» Work request
In the data below, find the line containing "Kuzey Clinic sakal ve bıyık ekimi"; reproduce that line and all subsequent lines exactly, and nothing else.

---------- Task data

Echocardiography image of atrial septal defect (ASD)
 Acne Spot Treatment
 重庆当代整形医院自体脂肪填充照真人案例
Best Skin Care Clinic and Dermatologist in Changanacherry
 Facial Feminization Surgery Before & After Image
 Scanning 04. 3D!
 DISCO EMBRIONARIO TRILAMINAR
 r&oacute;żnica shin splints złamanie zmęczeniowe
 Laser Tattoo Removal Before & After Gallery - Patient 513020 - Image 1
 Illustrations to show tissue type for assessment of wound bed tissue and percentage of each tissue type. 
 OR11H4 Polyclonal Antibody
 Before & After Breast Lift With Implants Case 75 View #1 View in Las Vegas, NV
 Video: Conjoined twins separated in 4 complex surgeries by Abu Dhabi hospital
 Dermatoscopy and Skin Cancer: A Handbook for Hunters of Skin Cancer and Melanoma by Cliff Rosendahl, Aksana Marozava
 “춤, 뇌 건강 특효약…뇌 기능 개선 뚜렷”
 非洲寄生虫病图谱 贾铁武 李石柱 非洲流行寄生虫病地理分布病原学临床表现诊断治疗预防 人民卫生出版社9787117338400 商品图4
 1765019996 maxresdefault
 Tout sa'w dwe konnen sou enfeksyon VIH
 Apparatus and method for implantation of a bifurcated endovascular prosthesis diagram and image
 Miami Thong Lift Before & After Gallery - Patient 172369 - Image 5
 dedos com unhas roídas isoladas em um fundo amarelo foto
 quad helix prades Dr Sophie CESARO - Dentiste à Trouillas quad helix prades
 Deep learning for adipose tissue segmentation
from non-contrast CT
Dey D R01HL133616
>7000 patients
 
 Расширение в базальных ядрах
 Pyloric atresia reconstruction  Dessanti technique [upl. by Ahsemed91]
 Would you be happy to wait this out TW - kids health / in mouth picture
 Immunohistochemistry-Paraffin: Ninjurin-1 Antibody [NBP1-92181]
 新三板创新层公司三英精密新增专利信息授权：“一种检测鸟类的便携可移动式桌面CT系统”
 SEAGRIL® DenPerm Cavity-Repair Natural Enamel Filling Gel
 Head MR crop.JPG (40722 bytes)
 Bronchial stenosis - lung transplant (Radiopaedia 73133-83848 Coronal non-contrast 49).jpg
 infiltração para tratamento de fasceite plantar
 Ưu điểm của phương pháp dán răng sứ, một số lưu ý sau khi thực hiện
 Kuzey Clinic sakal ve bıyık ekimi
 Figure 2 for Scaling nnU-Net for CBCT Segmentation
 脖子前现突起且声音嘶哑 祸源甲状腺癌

--------------------

» Completed exercise
 Kuzey Clinic sakal ve bıyık ekimi
 Figure 2 for Scaling nnU-Net for CBCT Segmentation
 脖子前现突起且声音嘶哑 祸源甲状腺癌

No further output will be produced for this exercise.